• SOURCE DATA
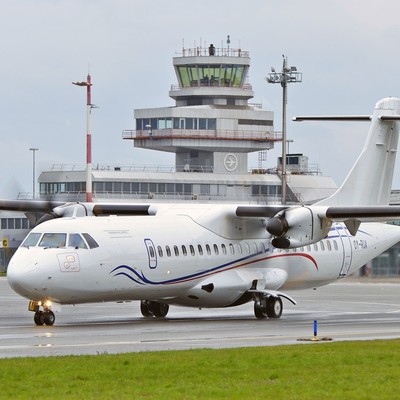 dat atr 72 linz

...

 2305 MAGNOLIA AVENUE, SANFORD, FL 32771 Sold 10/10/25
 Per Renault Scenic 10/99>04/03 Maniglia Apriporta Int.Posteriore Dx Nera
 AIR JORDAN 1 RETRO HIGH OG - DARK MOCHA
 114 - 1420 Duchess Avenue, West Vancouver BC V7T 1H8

• PROBLEM
The entries above hold a line with "Per Renault Scenic" and a later line with "114 - 1420 Duchess". Write out exactly those lines and all lines between, nothing more.

• RESULT FOR THIS TASK
 Per Renault Scenic 10/99>04/03 Maniglia Apriporta Int.Posteriore Dx Nera
 AIR JORDAN 1 RETRO HIGH OG - DARK MOCHA
 114 - 1420 Duchess Avenue, West Vancouver BC V7T 1H8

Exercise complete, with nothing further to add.